Entries provided:
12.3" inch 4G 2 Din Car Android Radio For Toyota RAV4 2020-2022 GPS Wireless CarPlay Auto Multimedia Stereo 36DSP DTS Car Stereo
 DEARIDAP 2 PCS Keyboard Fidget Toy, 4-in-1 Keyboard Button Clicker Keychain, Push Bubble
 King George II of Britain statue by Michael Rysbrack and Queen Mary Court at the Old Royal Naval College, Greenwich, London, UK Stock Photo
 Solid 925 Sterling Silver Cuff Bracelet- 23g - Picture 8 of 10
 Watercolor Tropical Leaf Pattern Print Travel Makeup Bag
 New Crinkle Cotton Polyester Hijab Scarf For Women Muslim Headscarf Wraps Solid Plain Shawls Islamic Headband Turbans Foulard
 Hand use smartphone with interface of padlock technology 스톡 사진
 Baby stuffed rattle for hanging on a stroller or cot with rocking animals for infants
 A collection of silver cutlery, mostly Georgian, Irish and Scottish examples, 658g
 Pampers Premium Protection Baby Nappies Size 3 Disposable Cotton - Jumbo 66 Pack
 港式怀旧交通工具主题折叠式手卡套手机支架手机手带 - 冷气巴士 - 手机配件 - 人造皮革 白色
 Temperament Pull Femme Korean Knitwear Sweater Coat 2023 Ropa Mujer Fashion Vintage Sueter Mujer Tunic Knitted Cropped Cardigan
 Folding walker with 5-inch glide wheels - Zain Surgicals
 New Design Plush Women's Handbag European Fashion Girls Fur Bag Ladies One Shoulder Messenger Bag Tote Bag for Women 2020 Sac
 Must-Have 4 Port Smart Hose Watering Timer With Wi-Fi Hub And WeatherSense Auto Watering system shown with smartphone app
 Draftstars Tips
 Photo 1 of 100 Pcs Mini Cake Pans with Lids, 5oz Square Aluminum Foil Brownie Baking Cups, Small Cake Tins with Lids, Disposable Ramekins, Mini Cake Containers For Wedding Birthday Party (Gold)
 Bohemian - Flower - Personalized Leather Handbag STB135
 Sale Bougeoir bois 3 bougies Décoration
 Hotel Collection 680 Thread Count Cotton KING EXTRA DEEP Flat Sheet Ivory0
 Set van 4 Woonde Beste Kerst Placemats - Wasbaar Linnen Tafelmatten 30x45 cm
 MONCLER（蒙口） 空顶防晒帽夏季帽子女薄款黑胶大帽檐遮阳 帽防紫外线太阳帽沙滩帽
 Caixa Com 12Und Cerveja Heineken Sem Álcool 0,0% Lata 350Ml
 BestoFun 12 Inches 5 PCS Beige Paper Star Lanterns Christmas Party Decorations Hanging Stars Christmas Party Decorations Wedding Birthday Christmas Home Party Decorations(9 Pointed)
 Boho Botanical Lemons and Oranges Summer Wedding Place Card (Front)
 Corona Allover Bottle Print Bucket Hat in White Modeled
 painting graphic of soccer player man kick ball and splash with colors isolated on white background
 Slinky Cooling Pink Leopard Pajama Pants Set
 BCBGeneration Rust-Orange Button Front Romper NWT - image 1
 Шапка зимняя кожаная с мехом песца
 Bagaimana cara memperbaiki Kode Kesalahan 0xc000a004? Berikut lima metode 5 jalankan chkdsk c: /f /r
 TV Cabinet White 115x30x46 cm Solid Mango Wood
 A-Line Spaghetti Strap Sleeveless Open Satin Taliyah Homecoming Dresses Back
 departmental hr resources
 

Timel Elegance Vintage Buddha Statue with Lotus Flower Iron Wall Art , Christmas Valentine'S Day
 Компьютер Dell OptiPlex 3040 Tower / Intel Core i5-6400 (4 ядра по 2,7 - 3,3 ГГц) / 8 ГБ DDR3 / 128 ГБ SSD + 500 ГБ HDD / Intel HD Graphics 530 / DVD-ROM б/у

Task to carry out:
Transcribe the entire listing without a single omission.

Finished task:
12.3" inch 4G 2 Din Car Android Radio For Toyota RAV4 2020-2022 GPS Wireless CarPlay Auto Multimedia Stereo 36DSP DTS Car Stereo
 DEARIDAP 2 PCS Keyboard Fidget Toy, 4-in-1 Keyboard Button Clicker Keychain, Push Bubble
 King George II of Britain statue by Michael Rysbrack and Queen Mary Court at the Old Royal Naval College, Greenwich, London, UK Stock Photo
 Solid 925 Sterling Silver Cuff Bracelet- 23g - Picture 8 of 10
 Watercolor Tropical Leaf Pattern Print Travel Makeup Bag
 New Crinkle Cotton Polyester Hijab Scarf For Women Muslim Headscarf Wraps Solid Plain Shawls Islamic Headband Turbans Foulard
 Hand use smartphone with interface of padlock technology 스톡 사진
 Baby stuffed rattle for hanging on a stroller or cot with rocking animals for infants
 A collection of silver cutlery, mostly Georgian, Irish and Scottish examples, 658g
 Pampers Premium Protection Baby Nappies Size 3 Disposable Cotton - Jumbo 66 Pack
 港式怀旧交通工具主题折叠式手卡套手机支架手机手带 - 冷气巴士 - 手机配件 - 人造皮革 白色
 Temperament Pull Femme Korean Knitwear Sweater Coat 2023 Ropa Mujer Fashion Vintage Sueter Mujer Tunic Knitted Cropped Cardigan
 Folding walker with 5-inch glide wheels - Zain Surgicals
 New Design Plush Women's Handbag European Fashion Girls Fur Bag Ladies One Shoulder Messenger Bag Tote Bag for Women 2020 Sac
 Must-Have 4 Port Smart Hose Watering Timer With Wi-Fi Hub And WeatherSense Auto Watering system shown with smartphone app
 Draftstars Tips
 Photo 1 of 100 Pcs Mini Cake Pans with Lids, 5oz Square Aluminum Foil Brownie Baking Cups, Small Cake Tins with Lids, Disposable Ramekins, Mini Cake Containers For Wedding Birthday Party (Gold)
 Bohemian - Flower - Personalized Leather Handbag STB135
 Sale Bougeoir bois 3 bougies Décoration
 Hotel Collection 680 Thread Count Cotton KING EXTRA DEEP Flat Sheet Ivory0
 Set van 4 Woonde Beste Kerst Placemats - Wasbaar Linnen Tafelmatten 30x45 cm
 MONCLER（蒙口） 空顶防晒帽夏季帽子女薄款黑胶大帽檐遮阳 帽防紫外线太阳帽沙滩帽
 Caixa Com 12Und Cerveja Heineken Sem Álcool 0,0% Lata 350Ml
 BestoFun 12 Inches 5 PCS Beige Paper Star Lanterns Christmas Party Decorations Hanging Stars Christmas Party Decorations Wedding Birthday Christmas Home Party Decorations(9 Pointed)
 Boho Botanical Lemons and Oranges Summer Wedding Place Card (Front)
 Corona Allover Bottle Print Bucket Hat in White Modeled
 painting graphic of soccer player man kick ball and splash with colors isolated on white background
 Slinky Cooling Pink Leopard Pajama Pants Set
 BCBGeneration Rust-Orange Button Front Romper NWT - image 1
 Шапка зимняя кожаная с мехом песца
 Bagaimana cara memperbaiki Kode Kesalahan 0xc000a004? Berikut lima metode 5 jalankan chkdsk c: /f /r
 TV Cabinet White 115x30x46 cm Solid Mango Wood
 A-Line Spaghetti Strap Sleeveless Open Satin Taliyah Homecoming Dresses Back
 departmental hr resources
 

Timel Elegance Vintage Buddha Statue with Lotus Flower Iron Wall Art , Christmas Valentine'S Day
 Компьютер Dell OptiPlex 3040 Tower / Intel Core i5-6400 (4 ядра по 2,7 - 3,3 ГГц) / 8 ГБ DDR3 / 128 ГБ SSD + 500 ГБ HDD / Intel HD Graphics 530 / DVD-ROM б/у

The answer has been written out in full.